English footballer (born 1986)

Thomas Greaves (born 15 November 1986) is an English football manager and former footballer who manages Thackley.

==Early life==

Greaves started playing rugby as a child before playing football as a teenager and trialing with English side Bradford City at the age of seventeen. He is nicknamed "Greavesy".

==Club career==

Greaves has been described as "one of the most prolific strikers in non-league football" and has scored over 300 goals. He has also been regarded as one of the most recognizable North-West non-league players. He has also been regarded as one of English side Bradford (Park Avenue)'s the most popular and best strikers. He has been the all-time top scorer of English side F.C. United of Manchester.

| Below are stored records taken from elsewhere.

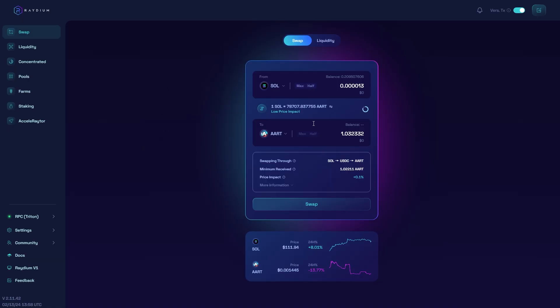Once you've gone over to Radium, you can connect your wallet in the top right corner and from there you should be able to see all the coins in your wallet including your Solana.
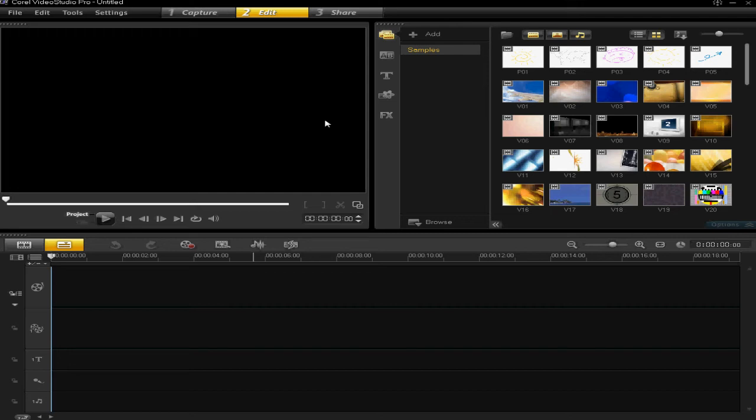Hello and welcome back. Today I'm going to show you how to add background music to your projects. It is very simple.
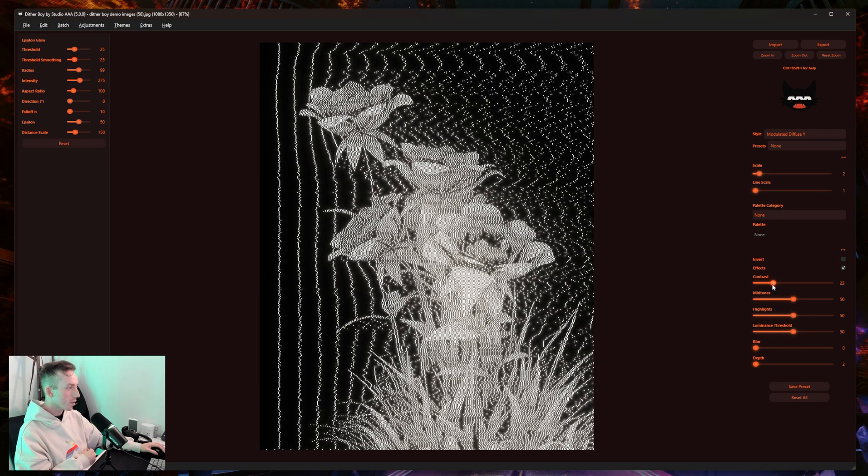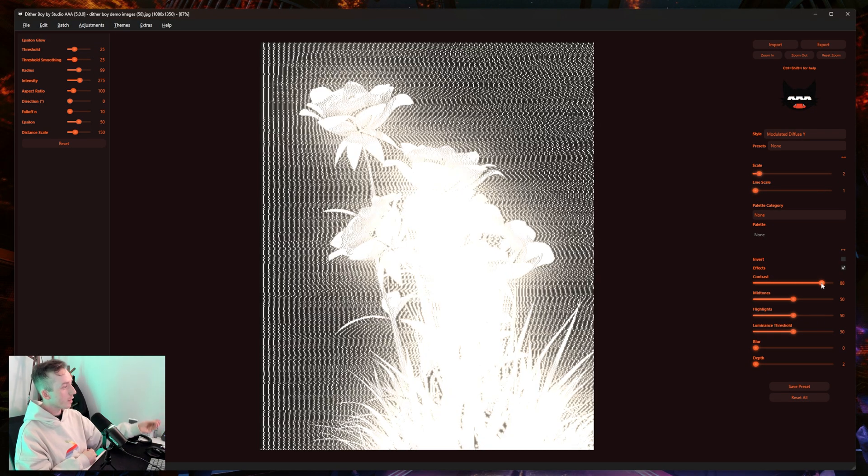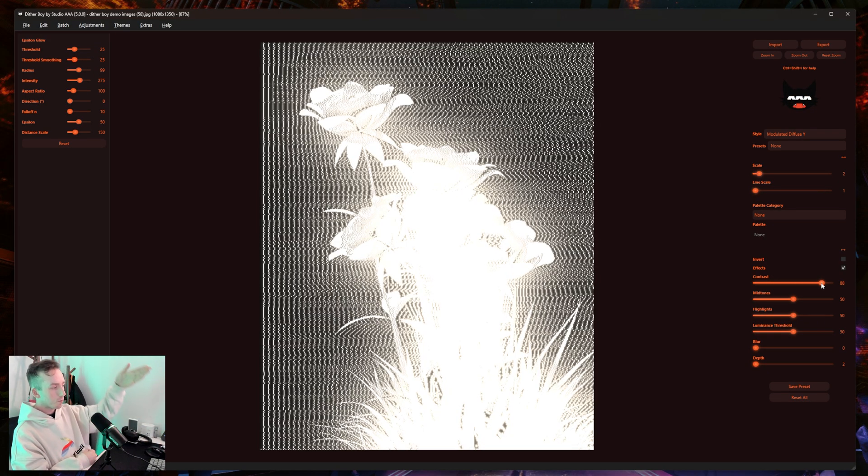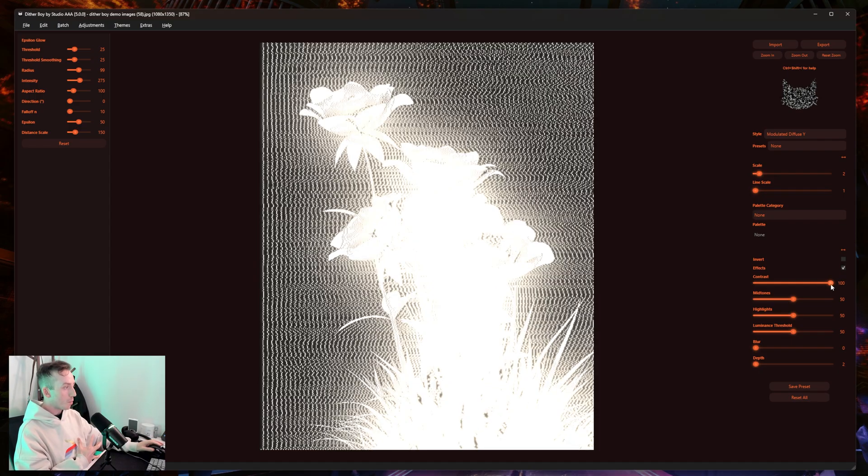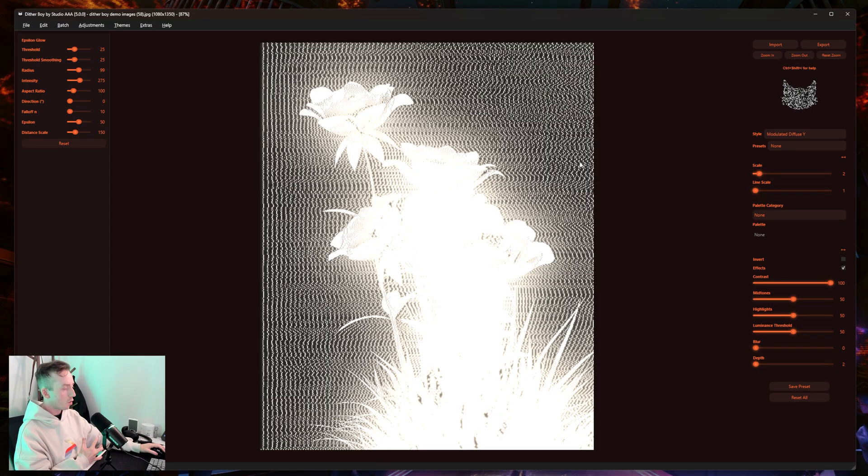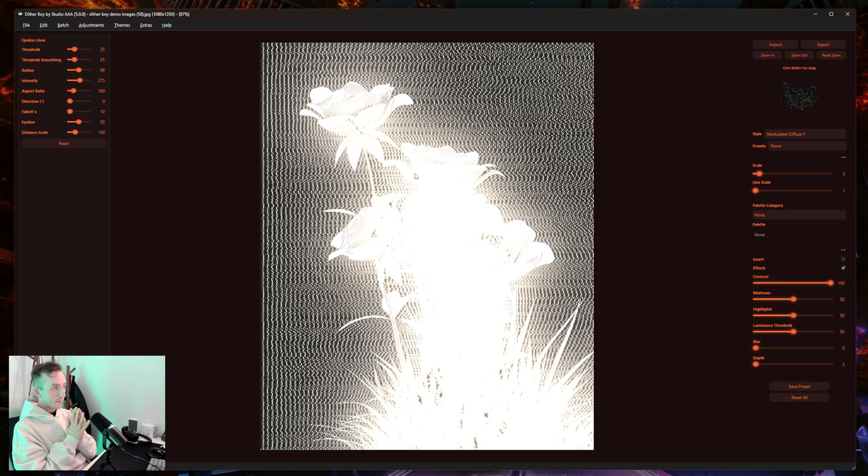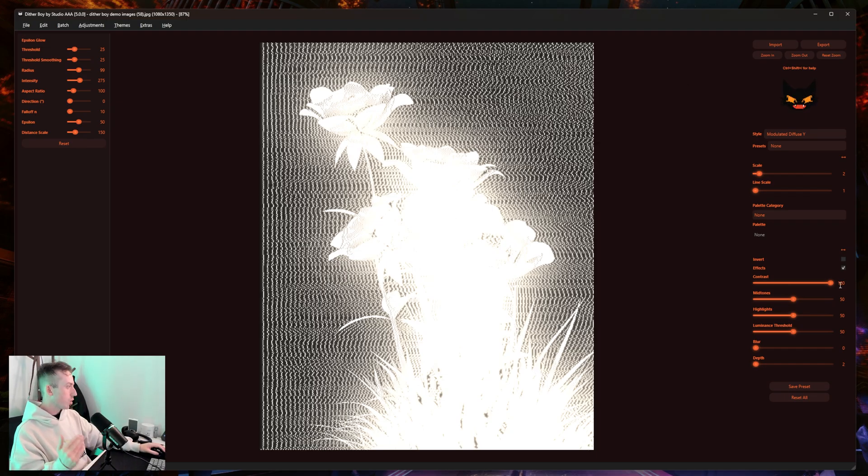This is because more luminance will result in more white values. Because this is being forced to dither along one axis, the brighter your image is, or the brighter whatever section of your image is, the more dense the lines will be in that section.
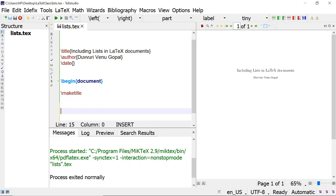For verbatim quoting, we use an environment called quote. This quote environment is used only if one paragraph of material is to be included. Whatever I am typing here is not from any specific text — it is just some sample content I am adding to demonstrate the environment.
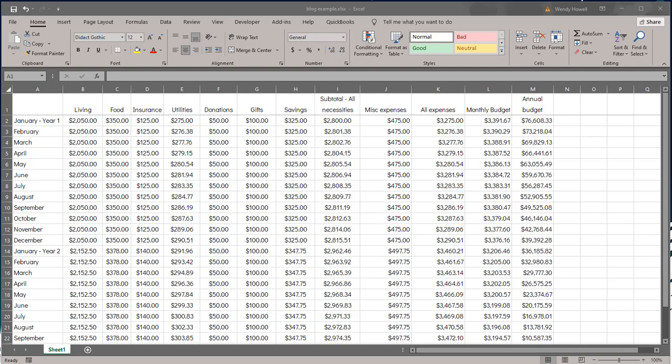This video shows the easiest way to simplify a complex spreadsheet. This is typically one that has functions or formulas, and this trick would actually work with any spreadsheet you had that was overly complex. But the reason I mentioned functions is very specific, and I'll show you that in just a minute.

He started his career with English side Bradford (Park Avenue). In 2013, Greaves signed for English side F.C. United of Manchester. He quickly became regarded as a fan favorite. He spent six seasons with the club.
In 2018, he signed for English side Ossett United. In 2020, he signed for English side Bury. In 2022, he signed for English side Thackley, where he was regarded as one of the club's most important strikers.

==International career==

Greaves has played for the Yorkshire football team.

==Managerial career==

Greaves started his managerial career with English side F.C. United of Manchester. He was regarded as a promising manager and helped the club escape the relegation zone during his first season. While managing and playing for the club, he also worked for a Yorkshire youth sports coaching company.

In 2022, Greaves was appointed interim player-manager of English side Thackley. He became permanent manager after being regarded to have made an immediate positive impact during his first season as manager and finished as the club's top scorer with 26 goals during the 2022/23 season.

==Personal life==

Greaves is a supporter of English side Leeds. He has been in a relationship with Sarah Melvin.